== DATASET EXTRACT ==
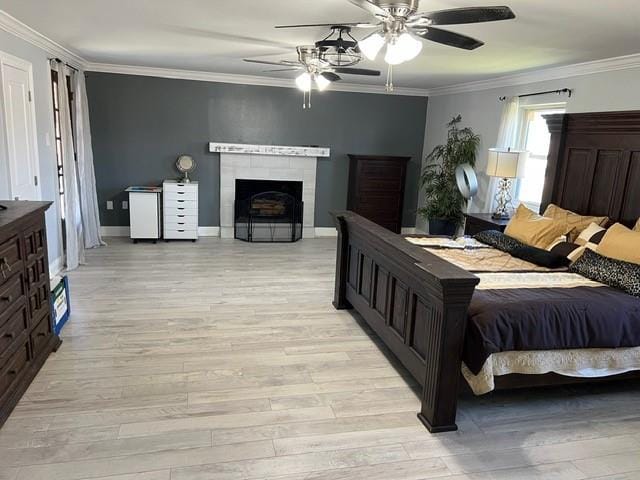 bedroom with a ceiling fan, baseboards, light wood-style floors, and crown molding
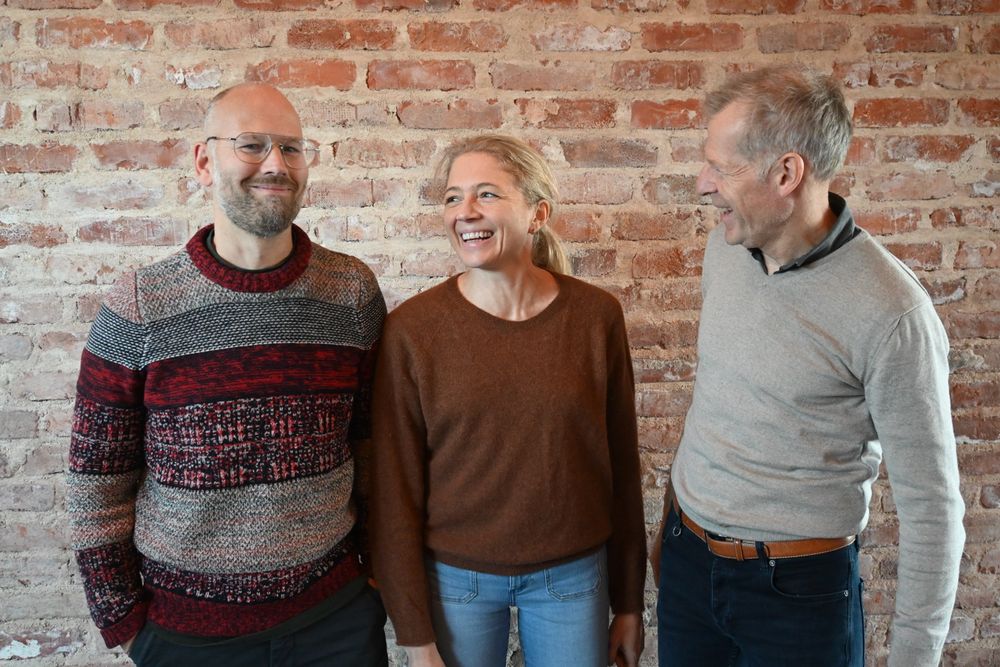 Oskar Bringager, Jorunn Tyssø og Bjørn Malm i Høine foran en vegg med ombrukt teglstein på Nansenløkka på Fornebu.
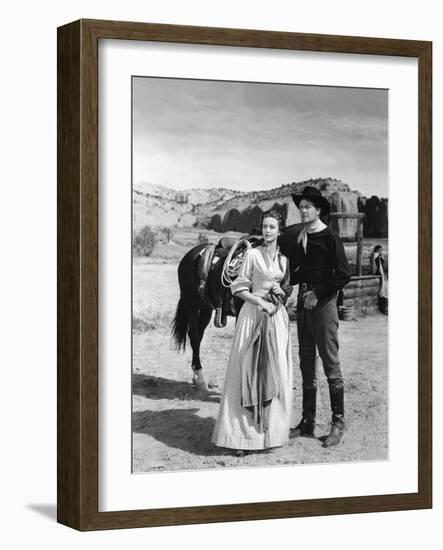 COLORADO TERRITORY, 1949 directed by RAOUL WALSH Dorothy Malone and Joel McCrea (b/w photo)-null-Framed Photo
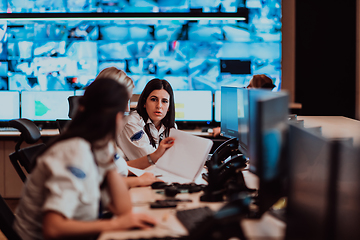 Image showing Group of Security data center operators working in a CCTV monitoring room looking on multiple monitors.Officers Monitoring Multiple Screens for Suspicious Activities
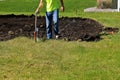 Spray painting white line determining construction footing boundaries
===
Only an exact copy is needed: the lines from the opening of the listing through the line with "Image showing Group", both included, minus the pictures.

RESPONSE AREA -
 bedroom with a ceiling fan, baseboards, light wood-style floors, and crown molding
 Oskar Bringager, Jorunn Tyssø og Bjørn Malm i Høine foran en vegg med ombrukt teglstein på Nansenløkka på Fornebu.
 COLORADO TERRITORY, 1949 directed by RAOUL WALSH Dorothy Malone and Joel McCrea (b/w photo)-null-Framed Photo
 Image showing Group of Security data center operators working in a CCTV monitoring room looking on multiple monitors.Officers Monitoring Multiple Screens for Suspicious Activities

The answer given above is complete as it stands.